Logistic – Analyzing Marginal Effects in Logistic Regression and Subgroup Analysis

causalityinteractionlogisticmarginal-effectmatching

I am conducting a research project implementing exact matching to seek to isolate a marginal effect of a binary exposure variable on a binary outcome (via MatchIt in R). I am using logistic regression as the model after matching, however, I feel confused about some aspects of the analyses.

  1. Is it correct to say that by using logistic regression (with covariates to avoid confoundedness) I cannot estimate the average marginal effect, but only the conditional effect? If so, is it correct to say that, for the exposure, the conditional effect, e.g., in the form of ATE, ATT, ATU, etc., is XX?

  2. Given that my matched dataset following the exact matching procedure discarded some treated units, is it correct to say that I cannot estimate the ATT, but instead, I can only try to isolate the ATM (Average Treatment on the Matched)? If so, when computing the conditional/marginal effect via:

     comparisons(model_matched, variables="exposure", newdata = subset(matched_dataset, exposure== 1))|> summary()
    

am I computing the average treatment on the treated in the matched sample (which we can call ATTM)? Or should we call it differently?

  1. I am also confused concerning subgroup analysis. To understand whether the impact of exposure varies based on different levels of a specific categorical covariate, should I use comparisons in the form:

     comparisons(model_matched, variables="exposure", by="covariate", newdata = subset(matched_dataset, exposure == 1))|> summary()
    

or should I compute interactions via:

comparisons(model_matched, variables=c("exposure", "covariate"), newdata = subset(matched_dataset, exposure == 1))|> summary()

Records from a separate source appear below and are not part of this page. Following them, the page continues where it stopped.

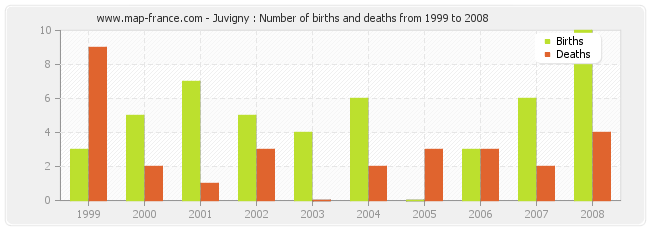 Juvigny : Number of births and deaths from 1999 to 2008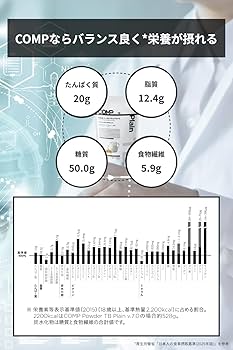Amazon.co.jp: COMP Powder TB Plain (v.7.0, 4,000 kcal, 33.8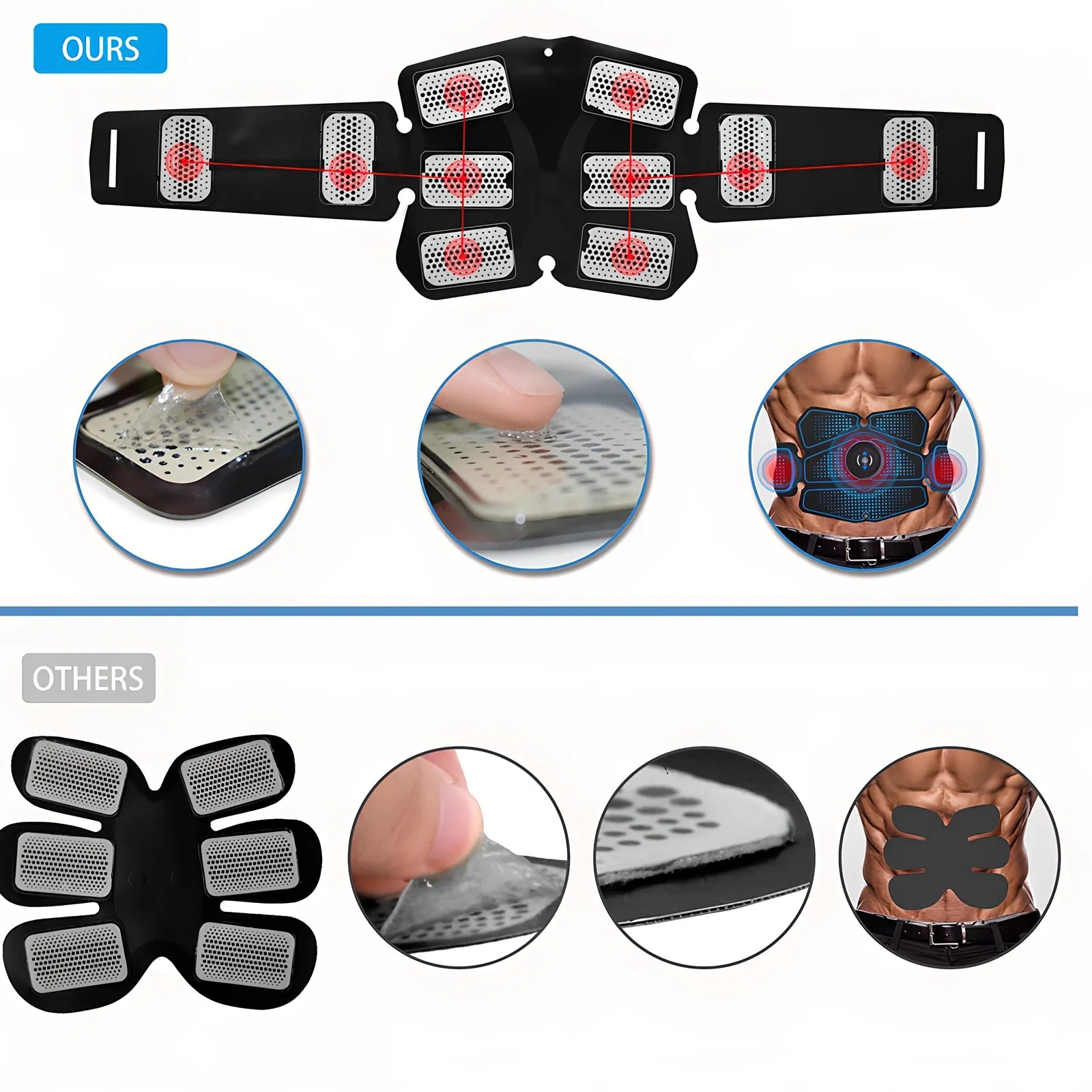 USB-rechargeable EMS abdominal muscle trainer with six electrode pads and digital control unit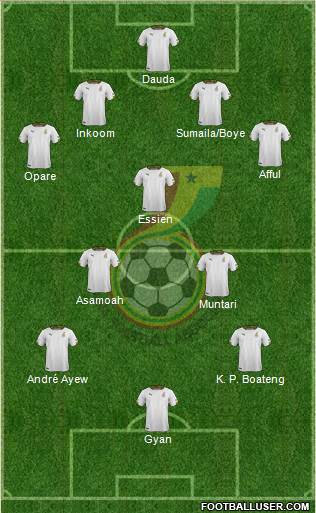 Ghana Formation 2014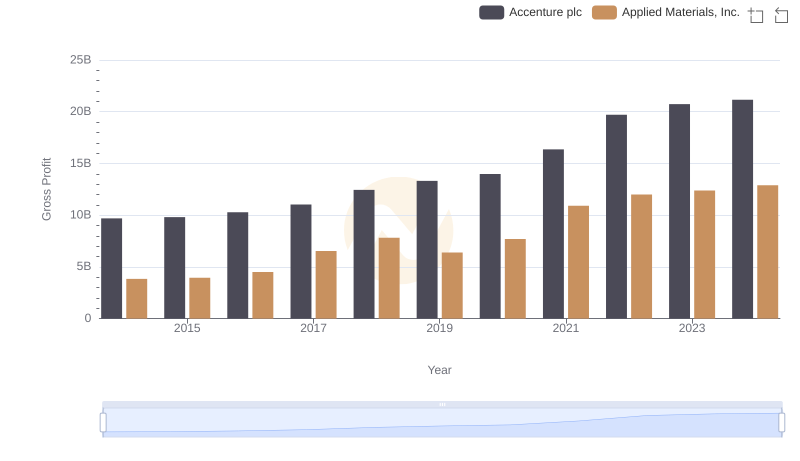 Gross Profit Analysis: Comparing Accenture plc and Applied Materials, Inc.
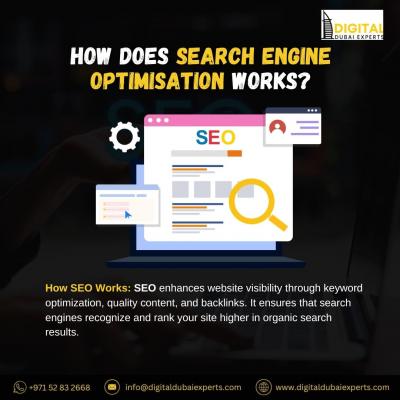 How Does Search Engine Optimization Works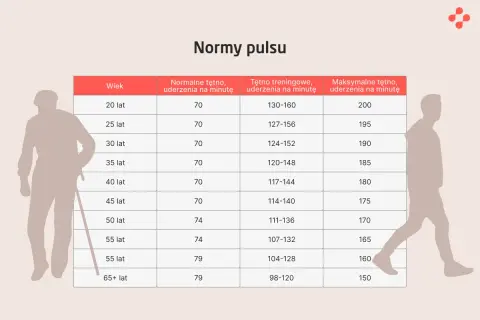 Tabela norm tętna dla różnych grup wiekowych. Sprawdź, czy Twoje mocne bicie serca podczas leżenia jest w normie.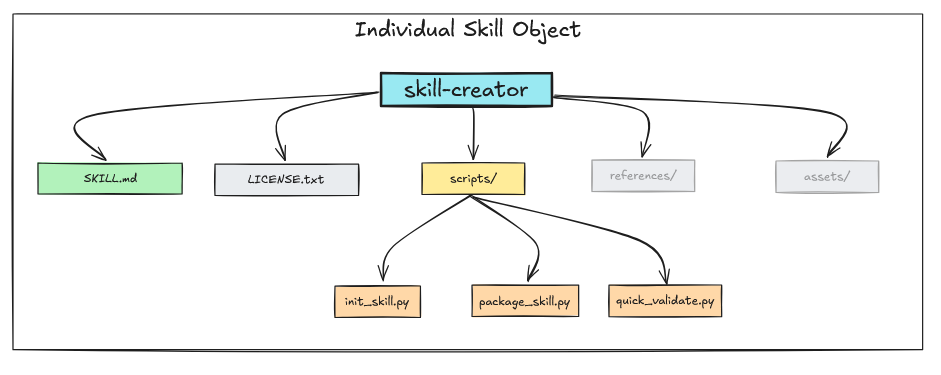 图 2: 个体技能对象结构图，展示 skill-creator 包含 SKILL.md, LICENSE.txt, scripts/ (init_skill.py, package_skill.py, quick_validate.py)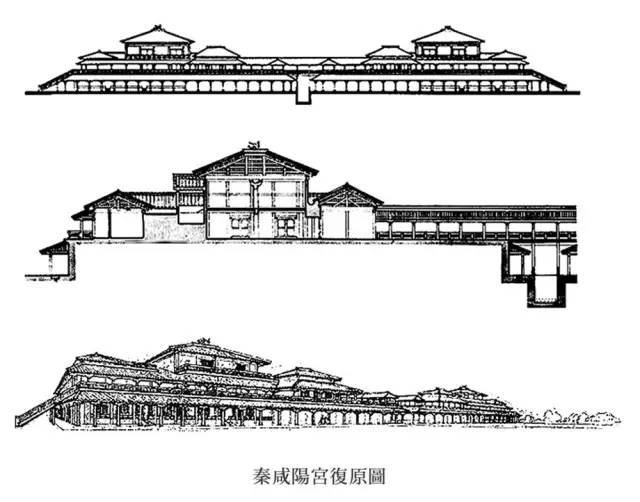 《大秦赋》里的咸阳宫原貌是这样的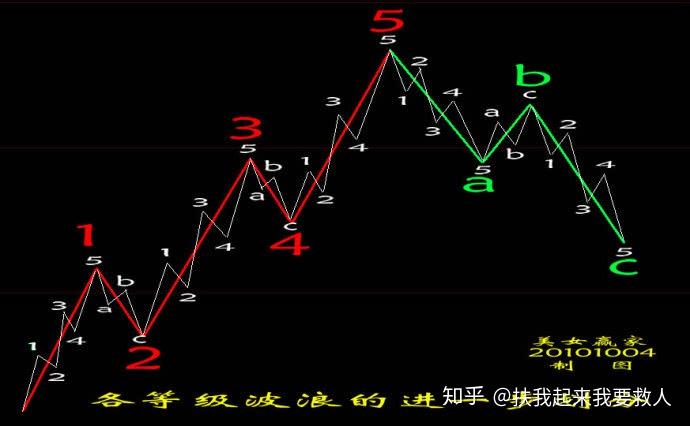 中医科学化讨论——混沌分形医学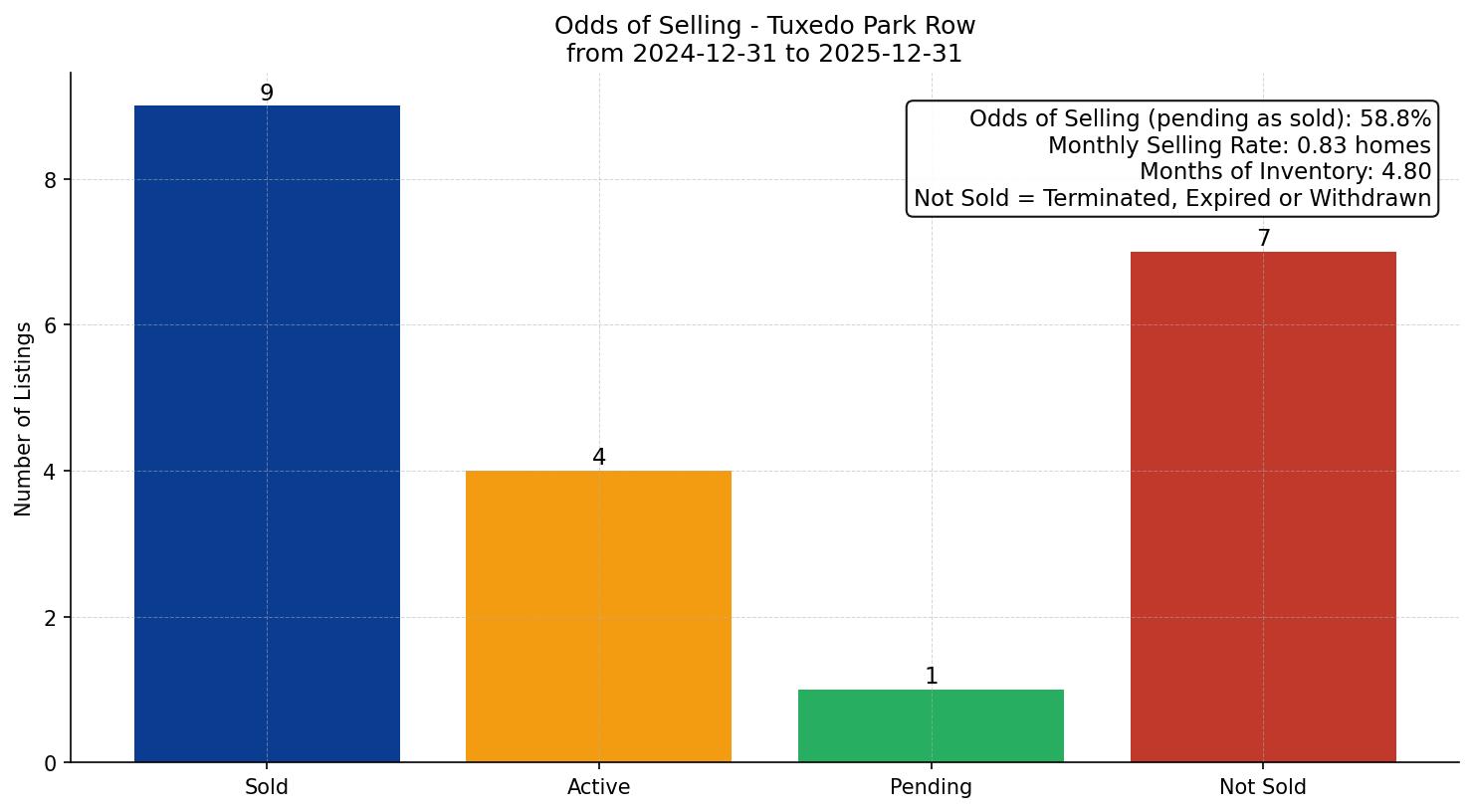 Tuxedo Park Row/Townhouse Odds of Selling – last 12 months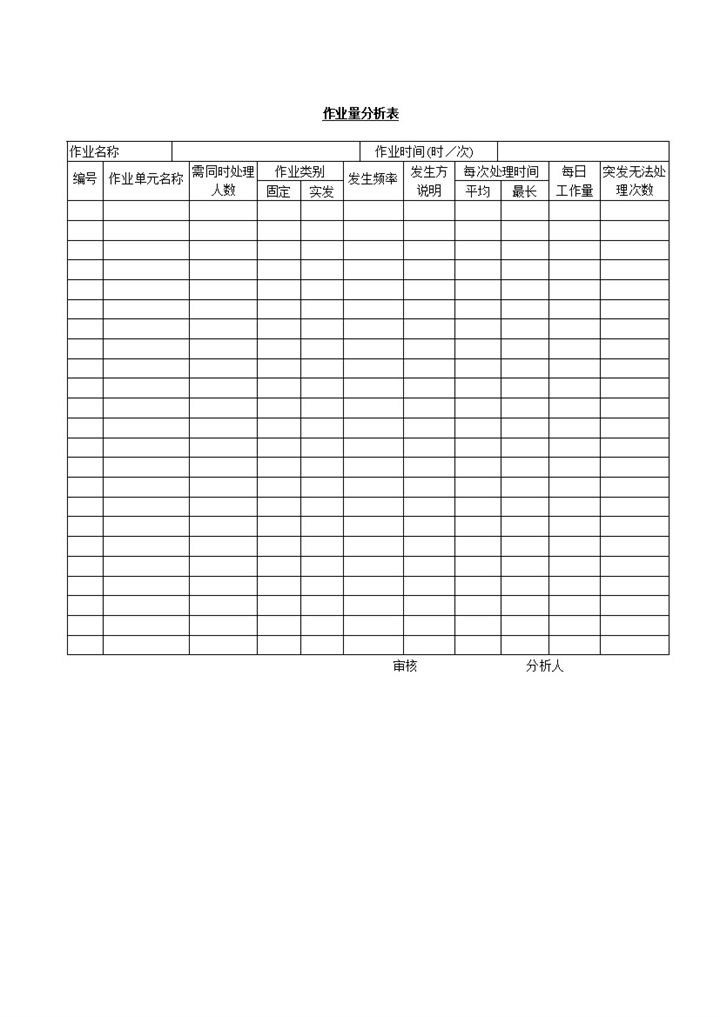 公司工作作业类别数量工作量明细分析表word模板-办公资源网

Thanks a lot for the patience and help!

Best Answer

  1. The coefficient on the treatment variable in a logistic regression with covariates included can be interpreted as a conditional treatment effect. However, it is only meaningful if the outcome model is correct, i.e., there is no effect modification on the odds ratio scale by the covariates, and the log odds of the outcome is linear in the covariates and treatment. If those assumptions are true, then there is no benefit to matching. If they are false, it is ambiguous how to interpret the coefficient on treatment.

  2. The code you produced does indeed compute the average treatment effect in the treated (ATT) in the matched sample. If the covariates are well balanced, there is no difference between the covariate distributions in the treated group and in the full sample, in which case this effect is equal to the average treatment effect (ATE) in the full matched sample. In this case, I usually just compute the ATE in the full matched sample, but it should not make a difference in practice unless the treatment groups are poorly balanced, in which case you should go back to matching anyway or risk extrapolation. You should make sure this choice is consistent with the estimand you chose in the call to matchit(); if you requested ATT weights with exact matching, you should estimate the ATT in the matched sample; if you requested ATE weights, you should estimate the ATE in the matched sample. Note that you should include the matching weights in the call to comparisons() as instructed in the MatchIt vignette on estimating effects.

  3. You should use the first line of code. The second counterfactually sets the values of the subgrouping variable and estimates the effect over the full sample under each value; the first estimates the effect in each subgroup. Counterfactually setting the subgrouping variables to values does not allow the covariate distribution to naturally vary along with the moderator, so you can get treatment effects in impossible combinations of covariates, which require extrapolation.